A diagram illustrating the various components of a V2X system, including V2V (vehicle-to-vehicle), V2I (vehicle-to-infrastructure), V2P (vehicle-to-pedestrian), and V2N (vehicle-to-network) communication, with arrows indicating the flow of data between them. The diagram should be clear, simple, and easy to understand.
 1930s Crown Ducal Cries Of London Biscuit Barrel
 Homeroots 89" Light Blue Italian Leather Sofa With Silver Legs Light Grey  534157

_Task brief_
Include in the answer nothing but an exact repetition of the lines from the one with "1930s Crown Ducal" through the end of the material.

_Answer to this exercise_
 1930s Crown Ducal Cries Of London Biscuit Barrel
 Homeroots 89" Light Blue Italian Leather Sofa With Silver Legs Light Grey  534157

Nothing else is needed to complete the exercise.